Gladstone plays Jax, a formerly convicted drug dealer and curren con artist and hustler, trying to make a few bucks taking care of her niece Roki (Isabel Deroy-Olson) while trying to find her missing sister Tawi (Hauli Gray, who also serves as the film’s choreographer). As is often the case, local police on and off the Seneca-Cayuga reservation in Oklahoma (including rez police officer and half-brother JJ, played by Ryan Begay) don’t have jurisdiction, and the FBI is barely giving the case any bit of their time. Jax has to resort to playing detective, showing her sister’s “Missing Woman” flier at the strip club Tawi formerly danced at, and daringly extracts information in the “man camps” of white oil workers, feeding JJ clues along the way and exhorting him to get a hold of the feds. Indeed, the only way any government systems come Jax’s way is to put Roki in the custody of Jax and Tawi’s estranged (and white) father, Frank (Shea Wigham) and his second wife Nancy (Audrey Wasileski), who may as well have been named Karen. (Nancy’s offer of her old ballet shoes to Roki, a traditional Seneca-Cayuga dancer, has some serious “kill the Indian to save the [wo]man” undertones.) All the while, Roki’s main goal is to get to the powwow in Oklahoma City where she and her mother are defending mother-daughter champions, and where Roki believes Tawi will turn up.

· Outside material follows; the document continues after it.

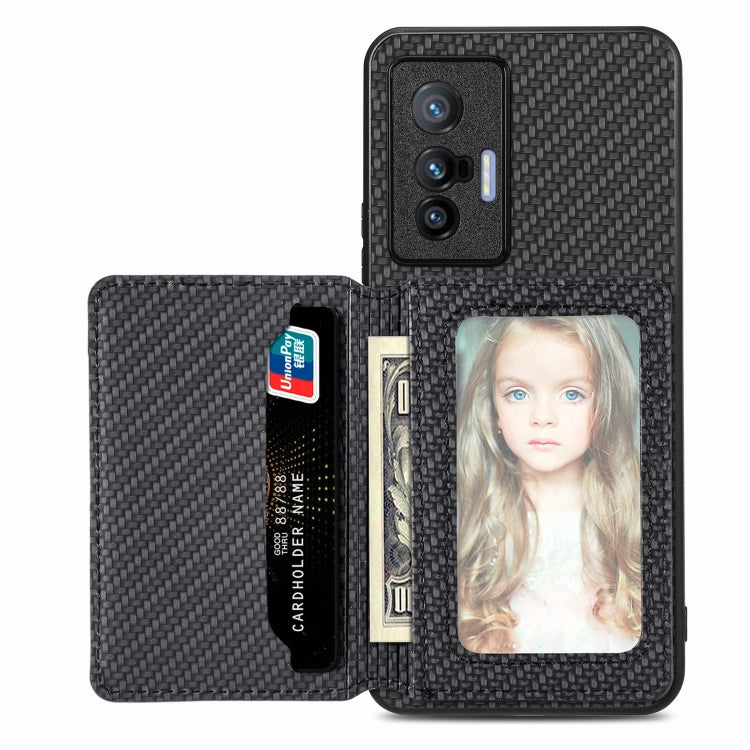 Carbon Fiber Magnetic Card Bag Phone Case, For  vivo X70, For vivo Y16, For vivo Y21, For Xiaomi 13 Lite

Ultimately, Jax pulls a desperate heist, getting Roki from her grandparents’ house, stealing Frank’s car in the process. Together they head on the road to the powwow, with stops along the way to Tulsa to follow a lead on Jax’s possible whereabouts. In turn, at Nancy’s suggestion. Frank begrudgingly (and in the end with great regrets) has an Amber Alert put out for Roki. They remain the rest of the film marked women — perhaps literally the case for Roki, who has her first period. Jax holds a ceremony for her first moon on the poolside patio at a house where they squat while on the run, a picture frame used as hardwood for the ritual. (Two straight days of movies with menstrual rite of passage — only at Athena!)
With her script, direction, and the sheer force of her cast, Tremblay’s pulled off a tightrope act, combining high drama and tension with a sensitive, at times humorous touch. Gladstone, as Jax, shows range reminiscent of Frances McDormand in Three Billboards outside of Ebbing, Missouri — a relentless, by-all-means-necessary search for the truth in the face of a society that has no interest or will to supply that truth, borne out of a deep and abiding love for the people in her life. (That includes Sapphire, played by Crystle Lightning, Jax’s lover and dancer at the club.) Ultimately, Jax secures a tidy resolution for Tawi’s, Roki’s, and her own stories, with some help from JJ along the way. In the culminating powwow, I felt not only for Jax and her family, but for all the other missing and murdered indigenous women. Some inevitably don’t have a Jax in their life, a sister (or sister figure) fighting for them, and many are never found alive or dead. Hopefully with this film’s eventual release, it not only gets in front of Apple-subscribing viewers, but compels them to act in changing the forces that lead to Fancy Dance’s desperation and bleakness, while securing the means toward the film’s humanity and joy.